ASSIGNMENT: Beneath this sentence is a listing. Return its lines from the one containing "SCREWS+PLUGS 52282" through the last, exactly, and omit the pictures.
DATA BLOCK Block Start
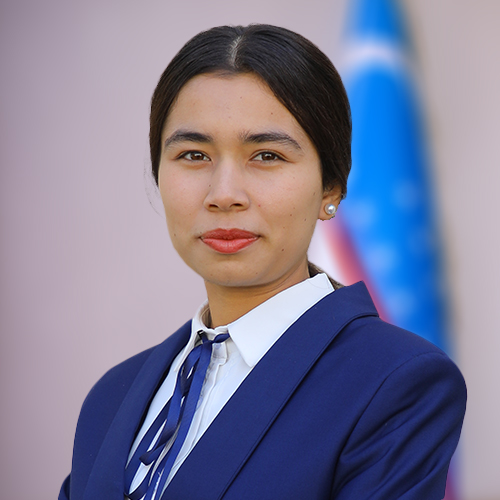 MUAZZAMOY ABDURAIMOVA
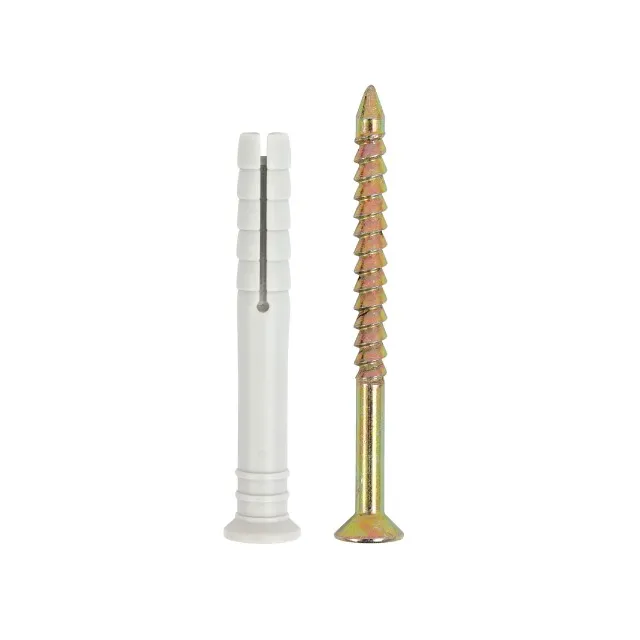 SCREWS+PLUGS 52282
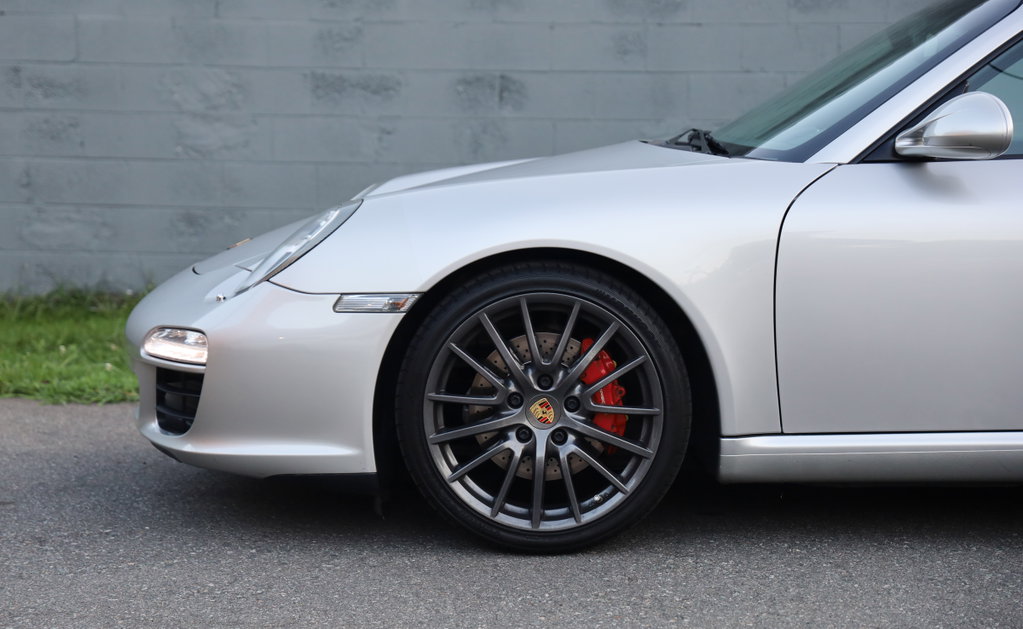 Porsche 997.2 Carrera S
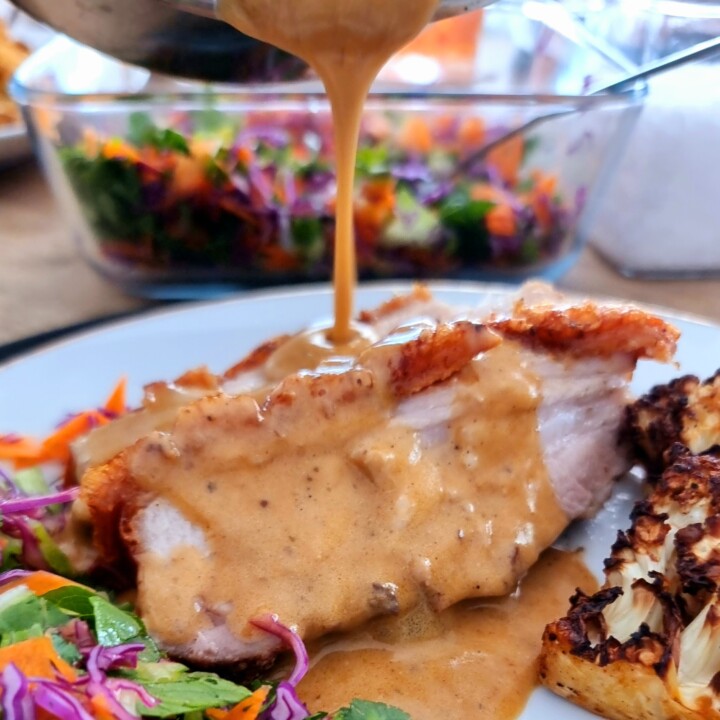 pork belly in air fryer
DATA BLOCK Block End
SOLUTION FOR THIS TASK:
 SCREWS+PLUGS 52282
 Porsche 997.2 Carrera S
 pork belly in air fryer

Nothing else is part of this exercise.